Description of the task → Please give the lines below again exactly as they stand, from the one that contains "Framing Success 8.5" up to and including the one that contains "BFS 316L Çelik", leaving all pictures out.

------------------------------------------------------------

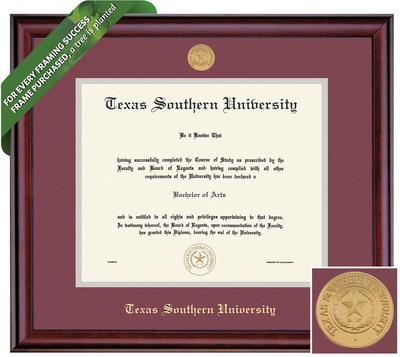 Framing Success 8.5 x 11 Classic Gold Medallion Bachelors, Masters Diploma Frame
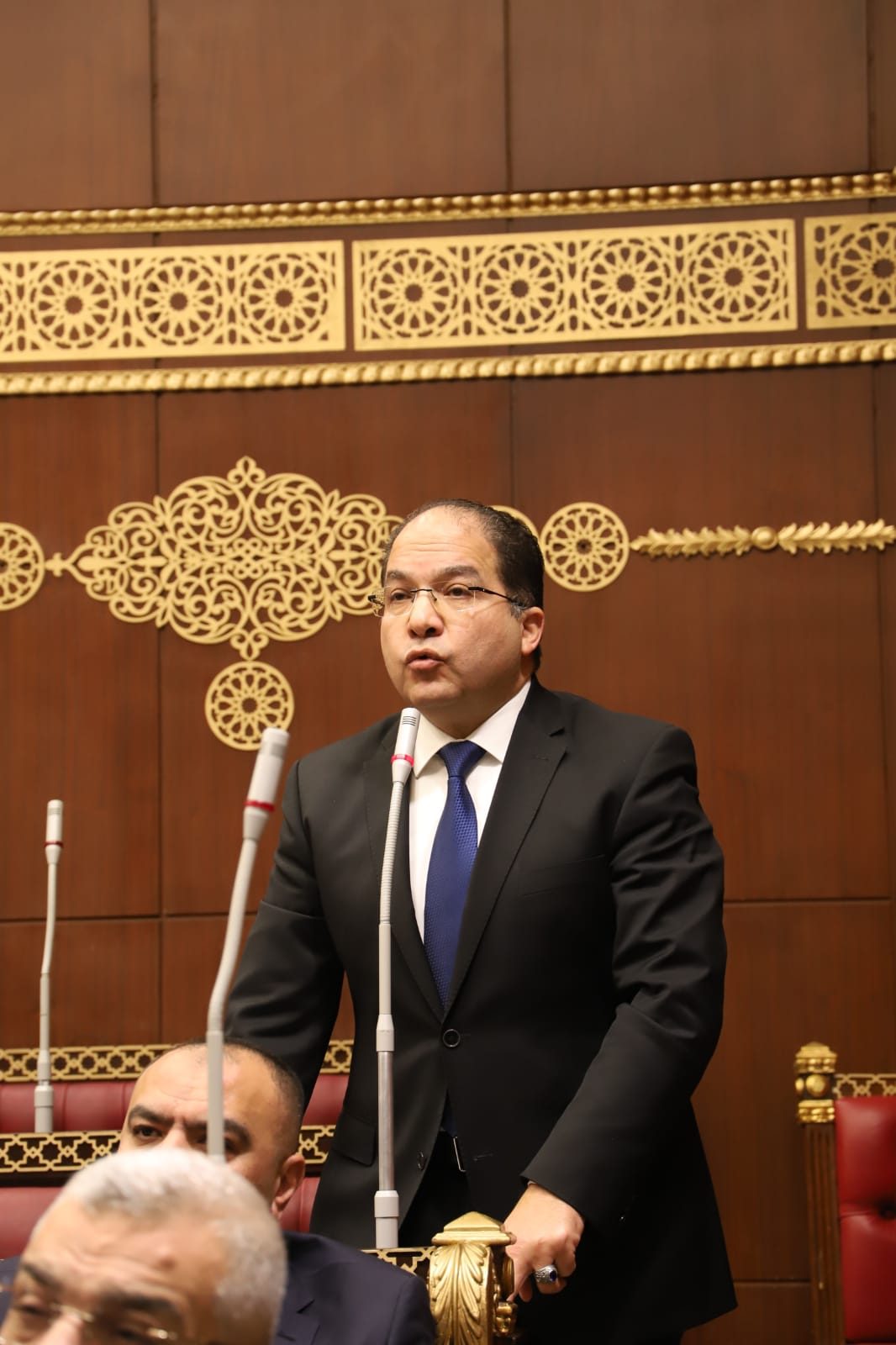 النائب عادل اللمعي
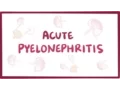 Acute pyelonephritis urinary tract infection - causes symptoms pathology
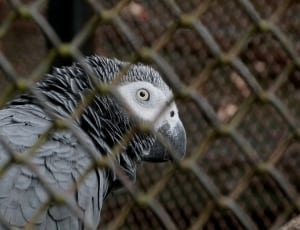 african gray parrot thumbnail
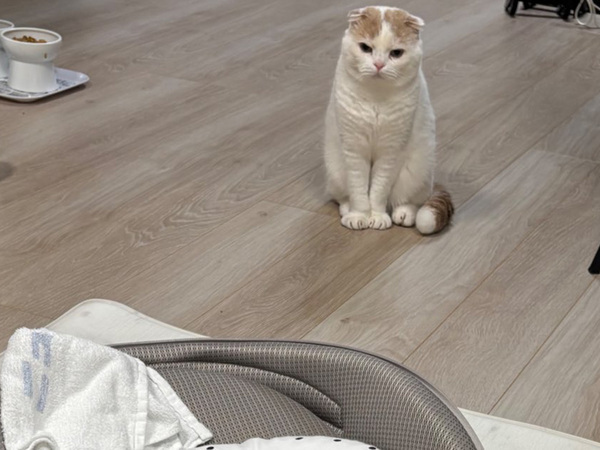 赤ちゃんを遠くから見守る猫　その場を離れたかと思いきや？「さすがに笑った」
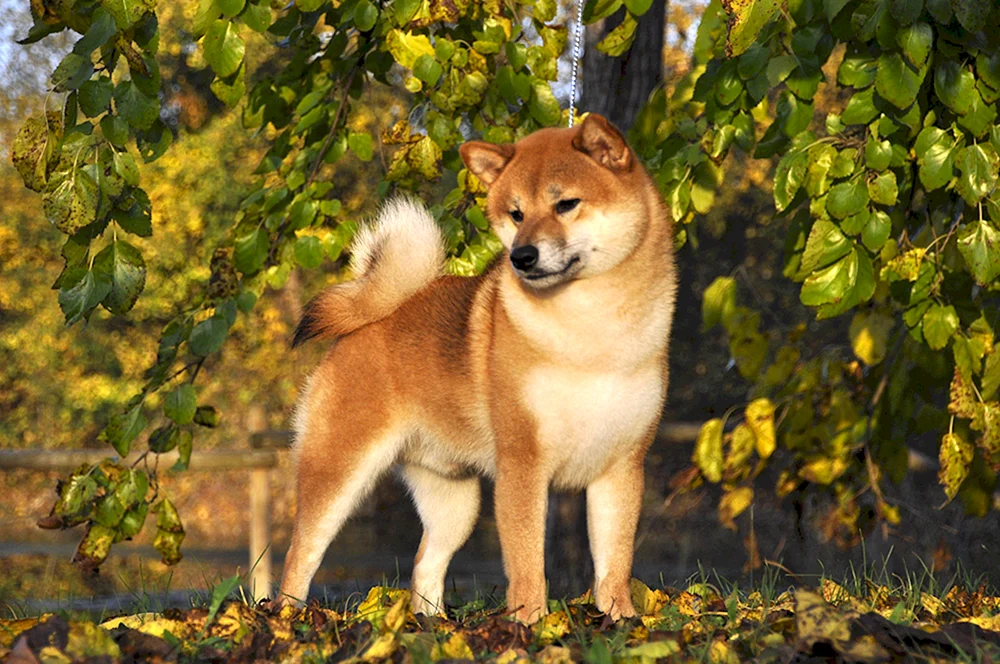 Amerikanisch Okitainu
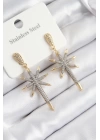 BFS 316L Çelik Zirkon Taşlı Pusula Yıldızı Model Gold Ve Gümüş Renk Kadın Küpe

------------------------------------------------------------

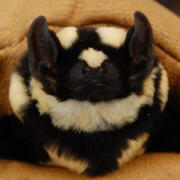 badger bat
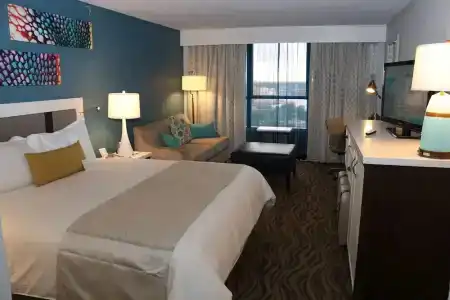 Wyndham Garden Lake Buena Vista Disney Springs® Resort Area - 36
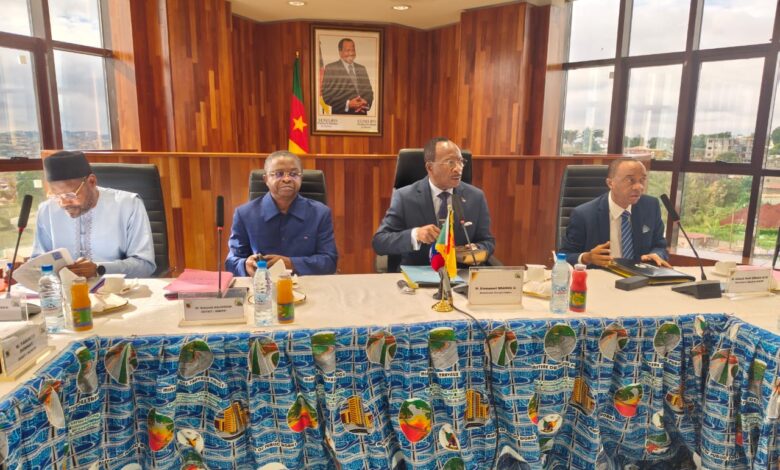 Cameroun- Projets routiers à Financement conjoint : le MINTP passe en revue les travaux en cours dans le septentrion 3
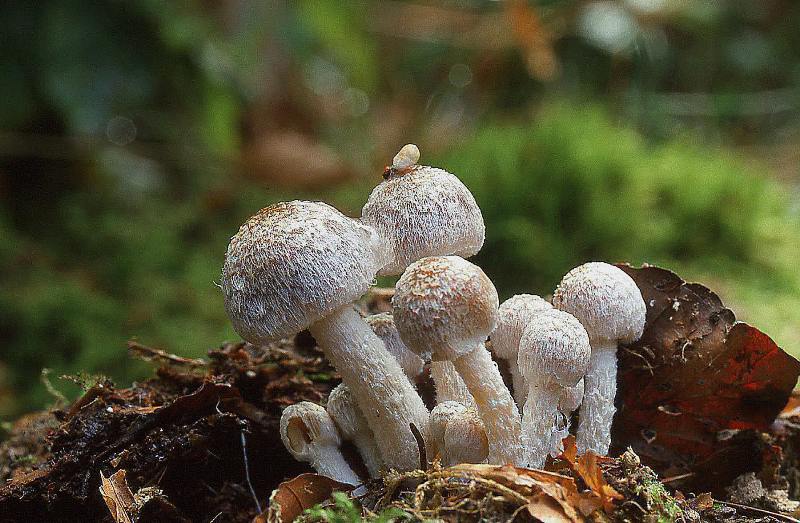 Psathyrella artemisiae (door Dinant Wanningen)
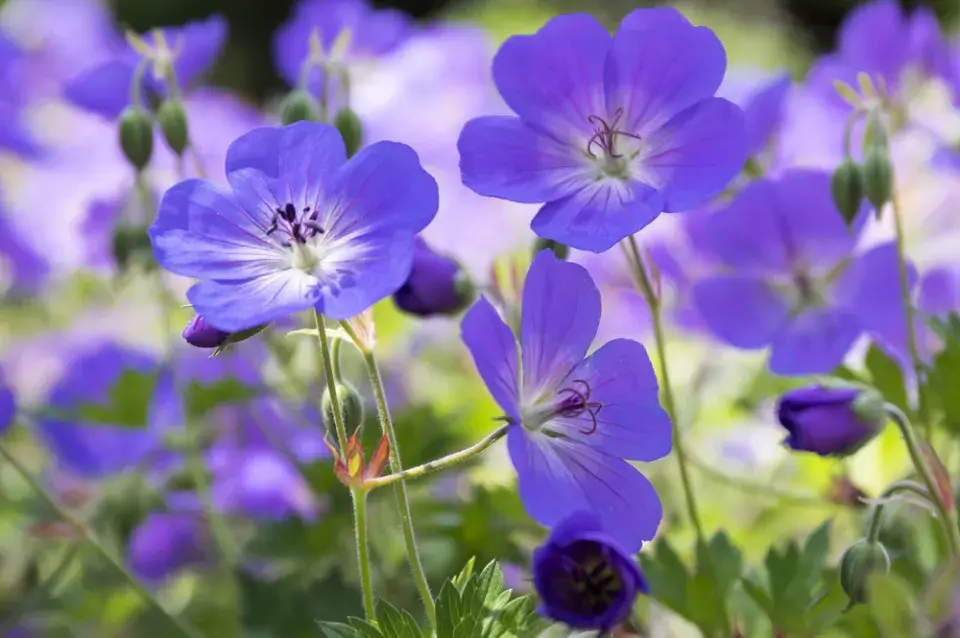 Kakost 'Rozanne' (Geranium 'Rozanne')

------------------------------------------------------------

Written reply →
 Framing Success 8.5 x 11 Classic Gold Medallion Bachelors, Masters Diploma Frame
 النائب عادل اللمعي
 Acute pyelonephritis urinary tract infection - causes symptoms pathology
 african gray parrot thumbnail
 赤ちゃんを遠くから見守る猫　その場を離れたかと思いきや？「さすがに笑った」
 Amerikanisch Okitainu
 BFS 316L Çelik Zirkon Taşlı Pusula Yıldızı Model Gold Ve Gümüş Renk Kadın Küpe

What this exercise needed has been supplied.